What is "herd immunity"?

"What we mean by herd immunity is if you vaccinate a certain percentage of a population that might be susceptible to the disease, then it will protect the rest of the population. If you visualize 100 people standing in a room within arm’s length of just the four people that are closest to them, if you immunized 90 percent of the people in that room (thus only 10 people randomly spread through the room have not been vaccinated), and you bring in one person with polio, the likelihood is that that person with polio is not going to come in contact with the 10 people who are not vaccinated. And if, by chance, the person with polio does come into contact with one of those 10 people, that person will be surrounded by other people who are vaccinated, so when the virus tries to pass itself onto the next person, it will be blocked. Different diseases require different percentages for herd immunity to be achieved. Ninety percent is what we think the target should be for polio herd immunity."

Lee Losey
Director
CORE Angola Secretariat


What is the purpose of the global lab network?

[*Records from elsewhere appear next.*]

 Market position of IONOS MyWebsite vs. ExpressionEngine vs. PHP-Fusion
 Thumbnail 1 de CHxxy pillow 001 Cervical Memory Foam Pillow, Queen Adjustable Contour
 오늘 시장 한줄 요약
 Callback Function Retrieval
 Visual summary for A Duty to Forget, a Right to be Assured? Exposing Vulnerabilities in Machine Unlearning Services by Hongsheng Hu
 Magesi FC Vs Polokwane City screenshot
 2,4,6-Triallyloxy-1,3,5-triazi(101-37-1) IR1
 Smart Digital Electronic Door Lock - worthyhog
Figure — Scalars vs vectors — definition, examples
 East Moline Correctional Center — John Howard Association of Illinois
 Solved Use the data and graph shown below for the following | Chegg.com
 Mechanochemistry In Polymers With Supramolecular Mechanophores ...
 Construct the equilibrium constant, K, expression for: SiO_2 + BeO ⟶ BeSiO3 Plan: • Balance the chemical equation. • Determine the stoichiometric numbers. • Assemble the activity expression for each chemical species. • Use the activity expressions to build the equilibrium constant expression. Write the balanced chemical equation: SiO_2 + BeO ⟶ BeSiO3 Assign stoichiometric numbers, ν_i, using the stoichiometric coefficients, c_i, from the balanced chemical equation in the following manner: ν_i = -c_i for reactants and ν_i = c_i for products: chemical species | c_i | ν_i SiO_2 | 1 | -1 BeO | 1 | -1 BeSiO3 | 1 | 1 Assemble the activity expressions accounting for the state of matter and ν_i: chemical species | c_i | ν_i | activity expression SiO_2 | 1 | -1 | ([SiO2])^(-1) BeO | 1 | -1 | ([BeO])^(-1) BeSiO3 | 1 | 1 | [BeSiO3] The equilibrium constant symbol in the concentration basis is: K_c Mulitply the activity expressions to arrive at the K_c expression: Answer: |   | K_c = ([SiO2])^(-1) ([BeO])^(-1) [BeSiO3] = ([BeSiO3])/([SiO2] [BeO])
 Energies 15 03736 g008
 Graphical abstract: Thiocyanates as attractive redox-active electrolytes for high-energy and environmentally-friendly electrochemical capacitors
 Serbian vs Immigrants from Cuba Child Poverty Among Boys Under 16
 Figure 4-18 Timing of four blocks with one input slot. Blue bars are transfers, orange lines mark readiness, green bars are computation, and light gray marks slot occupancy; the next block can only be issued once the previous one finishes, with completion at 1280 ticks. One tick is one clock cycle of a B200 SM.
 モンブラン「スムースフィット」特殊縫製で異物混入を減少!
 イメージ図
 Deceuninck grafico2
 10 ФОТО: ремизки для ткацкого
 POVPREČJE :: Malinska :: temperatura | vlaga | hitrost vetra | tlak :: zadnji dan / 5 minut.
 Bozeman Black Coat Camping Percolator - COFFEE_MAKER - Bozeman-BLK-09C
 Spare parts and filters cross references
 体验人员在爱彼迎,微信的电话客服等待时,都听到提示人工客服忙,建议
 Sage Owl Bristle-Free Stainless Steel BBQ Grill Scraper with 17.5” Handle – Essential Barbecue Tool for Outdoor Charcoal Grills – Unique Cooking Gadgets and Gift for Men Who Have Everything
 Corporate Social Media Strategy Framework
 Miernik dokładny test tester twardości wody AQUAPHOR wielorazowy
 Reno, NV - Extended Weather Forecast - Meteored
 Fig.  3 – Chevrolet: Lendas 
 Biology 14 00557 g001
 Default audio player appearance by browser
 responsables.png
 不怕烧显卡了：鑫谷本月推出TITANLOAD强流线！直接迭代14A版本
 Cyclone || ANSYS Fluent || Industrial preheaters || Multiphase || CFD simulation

"The purpose of the laboratory is to distinguish those cases of paralysis that are due to poliovirus from all other causes of paralytic disease. The genomic sequencing of the virus will also tell information about where the virus came from, whether it's indigenous, a native virus to that country, or it's an importation."

Dr. Mark Pallansch
Chief of the Enterovirus Section in the National Center for Infectious Diseases
Centers for Disease Control and Prevention

"You need a laboratory not only to identify whether it's polio or not that's causing the illness, but which type of polio. And for that a laboratory network has been built from the earliest days to support the initiative."

Dr. Olen Kew
Chief of the Molecular Virology Section of the Division of Viral Diseases
Centers for Disease Control and Prevention

"The lab work is part of a surveillance system. It is the eyes of the program. It is the attempt to look for where the wild virus is. And this is a system that is dependent on all of the steps, from identifying paralyzed children through having specimens collected and tested in a laboratory that is able to identify the presence of the virus."

Dr. Mark Pallansch
Chief of the Enterovirus Section in the National Center for Infectious Diseases
Centers for Disease Control and Prevention

"There is always a challenge in building such a comprehensive global network where none has existed before. This is really the first time in human history that a worldwide network operating to uniform and high standards of performance has been built for any infectious disease, and there are a number of challenges with that. Most of those challenges have been overcome with the strong support of WHO and WHO’s partners. And of course with the virologists themselves in each and every country where there’s a laboratory that enthusiastically supports the idea of polio eradication."

Dr. Olen Kew
Chief of the Molecular Virology Section of the Division of Viral Diseases
Centers for Disease Control and Prevention


How is poliovirus contained in the laboratory?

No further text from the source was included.